• Task: Every line below between the line holding "Cartaz da Roda" and the line holding "Patio shaped like the state of Indiana", inclusive, should be repeated exactly, and all other lines omitted.

===== Recorded information =====

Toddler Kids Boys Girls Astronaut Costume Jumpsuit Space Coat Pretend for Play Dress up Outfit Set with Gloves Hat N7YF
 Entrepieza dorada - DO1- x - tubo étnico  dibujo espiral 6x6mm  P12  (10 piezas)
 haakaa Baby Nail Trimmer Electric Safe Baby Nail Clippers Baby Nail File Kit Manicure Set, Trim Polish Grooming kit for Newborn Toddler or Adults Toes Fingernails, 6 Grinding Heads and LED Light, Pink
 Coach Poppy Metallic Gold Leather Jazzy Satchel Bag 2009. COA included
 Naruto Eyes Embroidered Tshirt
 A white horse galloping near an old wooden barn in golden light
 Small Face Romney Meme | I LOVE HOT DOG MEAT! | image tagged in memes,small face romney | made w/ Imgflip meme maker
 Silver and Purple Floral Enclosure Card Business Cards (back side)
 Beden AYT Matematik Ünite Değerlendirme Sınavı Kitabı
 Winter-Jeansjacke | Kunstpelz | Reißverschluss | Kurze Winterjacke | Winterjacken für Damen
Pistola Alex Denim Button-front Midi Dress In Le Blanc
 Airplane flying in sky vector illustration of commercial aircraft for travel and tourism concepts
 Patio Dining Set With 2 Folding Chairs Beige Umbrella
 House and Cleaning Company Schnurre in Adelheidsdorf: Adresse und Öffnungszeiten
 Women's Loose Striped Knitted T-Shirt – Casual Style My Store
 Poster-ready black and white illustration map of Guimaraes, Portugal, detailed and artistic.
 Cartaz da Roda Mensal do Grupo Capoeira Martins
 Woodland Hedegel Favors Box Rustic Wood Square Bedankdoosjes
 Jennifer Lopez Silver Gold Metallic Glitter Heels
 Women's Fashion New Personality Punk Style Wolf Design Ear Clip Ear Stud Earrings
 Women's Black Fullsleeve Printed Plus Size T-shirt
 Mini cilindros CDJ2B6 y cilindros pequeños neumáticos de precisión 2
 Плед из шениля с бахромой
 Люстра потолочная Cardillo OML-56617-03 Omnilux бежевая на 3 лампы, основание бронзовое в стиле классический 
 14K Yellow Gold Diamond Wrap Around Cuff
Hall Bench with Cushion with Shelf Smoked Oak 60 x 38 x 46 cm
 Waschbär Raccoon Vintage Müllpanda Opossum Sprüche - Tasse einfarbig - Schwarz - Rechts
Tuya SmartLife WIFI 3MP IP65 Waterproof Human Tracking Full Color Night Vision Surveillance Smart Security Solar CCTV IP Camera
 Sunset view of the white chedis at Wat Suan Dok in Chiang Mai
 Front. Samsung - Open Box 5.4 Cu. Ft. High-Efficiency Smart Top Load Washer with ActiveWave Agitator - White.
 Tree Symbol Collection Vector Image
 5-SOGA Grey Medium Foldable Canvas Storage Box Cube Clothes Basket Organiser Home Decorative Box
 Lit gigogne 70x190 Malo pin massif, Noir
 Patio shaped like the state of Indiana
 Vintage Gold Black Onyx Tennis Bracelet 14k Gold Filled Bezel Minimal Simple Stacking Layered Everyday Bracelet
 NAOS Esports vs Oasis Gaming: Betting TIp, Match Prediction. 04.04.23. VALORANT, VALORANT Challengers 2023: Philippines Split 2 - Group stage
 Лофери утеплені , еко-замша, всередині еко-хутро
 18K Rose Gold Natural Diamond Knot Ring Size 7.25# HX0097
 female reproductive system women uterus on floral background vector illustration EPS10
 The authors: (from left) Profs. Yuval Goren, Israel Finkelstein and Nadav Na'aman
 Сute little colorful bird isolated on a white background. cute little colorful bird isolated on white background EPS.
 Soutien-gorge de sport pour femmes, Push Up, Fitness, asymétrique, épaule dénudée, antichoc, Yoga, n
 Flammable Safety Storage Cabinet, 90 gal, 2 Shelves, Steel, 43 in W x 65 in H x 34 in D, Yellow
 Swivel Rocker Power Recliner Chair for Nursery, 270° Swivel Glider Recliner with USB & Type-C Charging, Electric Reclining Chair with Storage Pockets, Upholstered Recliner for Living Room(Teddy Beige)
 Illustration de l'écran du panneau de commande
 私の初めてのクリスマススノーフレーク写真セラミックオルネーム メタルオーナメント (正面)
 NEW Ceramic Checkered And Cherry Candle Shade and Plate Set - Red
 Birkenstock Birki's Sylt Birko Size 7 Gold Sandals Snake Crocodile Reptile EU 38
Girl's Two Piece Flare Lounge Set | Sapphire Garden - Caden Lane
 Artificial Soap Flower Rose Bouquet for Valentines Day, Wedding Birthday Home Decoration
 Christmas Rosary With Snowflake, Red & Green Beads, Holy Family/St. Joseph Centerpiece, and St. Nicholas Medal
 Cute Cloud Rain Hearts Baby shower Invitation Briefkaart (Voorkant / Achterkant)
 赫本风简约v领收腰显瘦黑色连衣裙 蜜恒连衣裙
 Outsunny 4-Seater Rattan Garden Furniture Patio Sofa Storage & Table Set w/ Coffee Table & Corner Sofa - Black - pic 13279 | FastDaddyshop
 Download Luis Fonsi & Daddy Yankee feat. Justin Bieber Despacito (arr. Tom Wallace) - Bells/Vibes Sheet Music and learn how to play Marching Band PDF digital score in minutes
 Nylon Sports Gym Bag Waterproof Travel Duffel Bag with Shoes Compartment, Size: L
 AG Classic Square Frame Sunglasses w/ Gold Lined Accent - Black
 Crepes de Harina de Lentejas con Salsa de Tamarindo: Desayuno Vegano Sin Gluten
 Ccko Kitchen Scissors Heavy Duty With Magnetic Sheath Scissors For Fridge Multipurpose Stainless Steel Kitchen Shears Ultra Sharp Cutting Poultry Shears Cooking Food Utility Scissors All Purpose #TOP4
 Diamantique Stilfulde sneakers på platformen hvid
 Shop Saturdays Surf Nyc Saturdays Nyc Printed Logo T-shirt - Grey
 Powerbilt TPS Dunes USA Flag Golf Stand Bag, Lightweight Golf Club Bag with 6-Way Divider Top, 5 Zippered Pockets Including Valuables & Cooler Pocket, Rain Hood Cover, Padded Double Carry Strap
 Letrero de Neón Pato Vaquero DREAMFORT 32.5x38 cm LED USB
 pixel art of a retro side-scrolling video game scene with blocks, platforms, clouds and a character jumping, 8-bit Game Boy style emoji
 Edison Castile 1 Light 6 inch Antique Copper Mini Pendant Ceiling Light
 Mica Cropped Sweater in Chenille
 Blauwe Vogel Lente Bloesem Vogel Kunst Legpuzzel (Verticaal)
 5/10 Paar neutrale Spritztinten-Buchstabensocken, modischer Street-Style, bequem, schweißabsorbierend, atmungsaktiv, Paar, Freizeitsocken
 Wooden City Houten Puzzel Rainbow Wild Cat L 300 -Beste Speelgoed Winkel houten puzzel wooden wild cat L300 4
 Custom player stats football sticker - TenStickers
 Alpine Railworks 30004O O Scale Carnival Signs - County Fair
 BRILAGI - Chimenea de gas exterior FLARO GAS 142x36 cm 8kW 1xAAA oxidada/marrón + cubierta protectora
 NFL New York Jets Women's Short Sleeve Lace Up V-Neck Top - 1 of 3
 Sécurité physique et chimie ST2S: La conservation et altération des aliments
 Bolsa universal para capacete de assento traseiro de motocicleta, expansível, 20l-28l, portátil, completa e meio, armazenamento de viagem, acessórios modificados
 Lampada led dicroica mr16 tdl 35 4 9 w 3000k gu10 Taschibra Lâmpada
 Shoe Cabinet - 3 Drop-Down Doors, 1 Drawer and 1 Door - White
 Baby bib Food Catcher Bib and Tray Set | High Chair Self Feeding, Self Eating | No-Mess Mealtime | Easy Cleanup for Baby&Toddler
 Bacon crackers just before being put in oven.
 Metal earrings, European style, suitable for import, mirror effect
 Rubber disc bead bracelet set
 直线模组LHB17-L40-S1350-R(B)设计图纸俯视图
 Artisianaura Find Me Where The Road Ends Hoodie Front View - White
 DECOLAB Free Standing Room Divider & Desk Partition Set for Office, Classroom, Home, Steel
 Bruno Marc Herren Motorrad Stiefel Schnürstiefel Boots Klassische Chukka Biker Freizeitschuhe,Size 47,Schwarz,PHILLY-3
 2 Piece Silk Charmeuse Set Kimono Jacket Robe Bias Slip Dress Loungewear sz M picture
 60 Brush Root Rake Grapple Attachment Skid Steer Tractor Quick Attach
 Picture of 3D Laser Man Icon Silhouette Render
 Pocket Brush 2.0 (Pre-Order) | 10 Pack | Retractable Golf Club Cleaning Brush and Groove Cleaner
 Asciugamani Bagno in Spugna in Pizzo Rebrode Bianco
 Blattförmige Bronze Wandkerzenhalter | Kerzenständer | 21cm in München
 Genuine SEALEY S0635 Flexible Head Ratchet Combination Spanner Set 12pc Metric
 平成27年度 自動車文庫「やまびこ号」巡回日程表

=====

• Output for this exercise:
 Cartaz da Roda Mensal do Grupo Capoeira Martins
 Woodland Hedegel Favors Box Rustic Wood Square Bedankdoosjes
 Jennifer Lopez Silver Gold Metallic Glitter Heels
 Women's Fashion New Personality Punk Style Wolf Design Ear Clip Ear Stud Earrings
 Women's Black Fullsleeve Printed Plus Size T-shirt
 Mini cilindros CDJ2B6 y cilindros pequeños neumáticos de precisión 2
 Плед из шениля с бахромой
 Люстра потолочная Cardillo OML-56617-03 Omnilux бежевая на 3 лампы, основание бронзовое в стиле классический 
 14K Yellow Gold Diamond Wrap Around Cuff
Hall Bench with Cushion with Shelf Smoked Oak 60 x 38 x 46 cm
 Waschbär Raccoon Vintage Müllpanda Opossum Sprüche - Tasse einfarbig - Schwarz - Rechts
Tuya SmartLife WIFI 3MP IP65 Waterproof Human Tracking Full Color Night Vision Surveillance Smart Security Solar CCTV IP Camera
 Sunset view of the white chedis at Wat Suan Dok in Chiang Mai
 Front. Samsung - Open Box 5.4 Cu. Ft. High-Efficiency Smart Top Load Washer with ActiveWave Agitator - White.
 Tree Symbol Collection Vector Image
 5-SOGA Grey Medium Foldable Canvas Storage Box Cube Clothes Basket Organiser Home Decorative Box
 Lit gigogne 70x190 Malo pin massif, Noir
 Patio shaped like the state of Indiana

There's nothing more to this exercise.